▶ [Assignment]: Every entry below is to be copied word for word, with its pictures removed.

▶ [Supplied records]:

┏━━

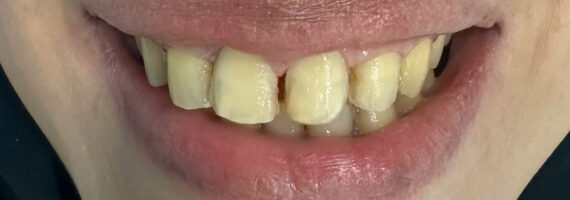 dental veneer - before
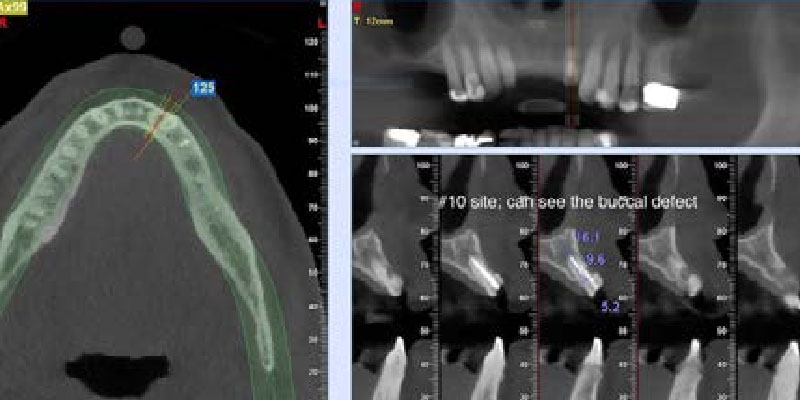 Dr. Ed Shapiro Ritter Implants Clinical Cases 1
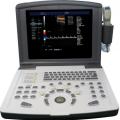 Portable Color Doppler Ultrasound Machine for Obstetrics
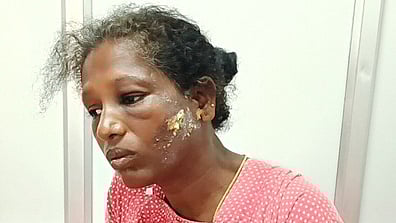 மணப்பாறை அரசு மருத்துவமனையில் சிகிச்சை பெற்று வரும் சரோஜா.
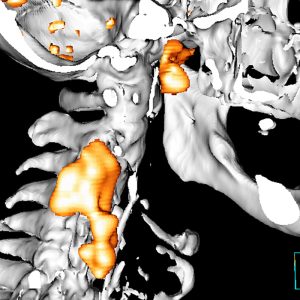 CUP Plattenepithelcarcinom Nasopharynx mit Lymphknotenmetastasen FDG-PET/CT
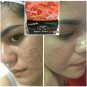 CLEAR ACNE NATURAL SOAP BY ALERT KISS ,REDUCE RED ACNE , ANTI-AGING 80 G.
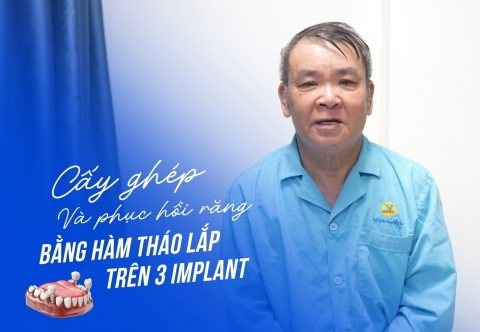 Thạc Sĩ Bác Sĩ Trần Phương Bình Cấy Ghép Implant Trên Xương Hàm Đã Ghép Vạt Xương Mác
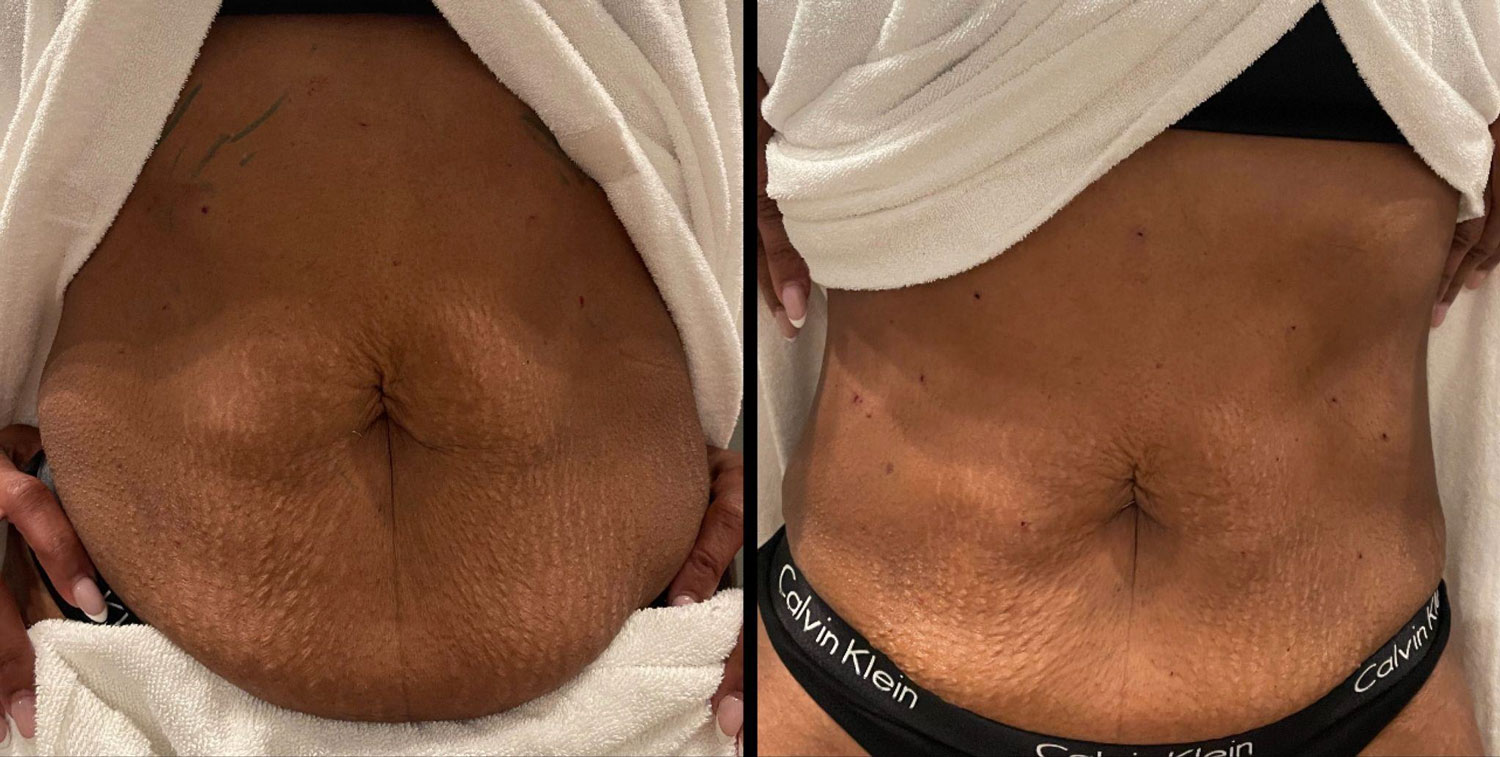 Photo of abdominal thread lift results before and after in Atlanta.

┗━━

▶ [Solution to this task]:
 dental veneer - before
 Dr. Ed Shapiro Ritter Implants Clinical Cases 1
 Portable Color Doppler Ultrasound Machine for Obstetrics
 மணப்பாறை அரசு மருத்துவமனையில் சிகிச்சை பெற்று வரும் சரோஜா.
 CUP Plattenepithelcarcinom Nasopharynx mit Lymphknotenmetastasen FDG-PET/CT
 CLEAR ACNE NATURAL SOAP BY ALERT KISS ,REDUCE RED ACNE , ANTI-AGING 80 G.
 Thạc Sĩ Bác Sĩ Trần Phương Bình Cấy Ghép Implant Trên Xương Hàm Đã Ghép Vạt Xương Mác
 Photo of abdominal thread lift results before and after in Atlanta.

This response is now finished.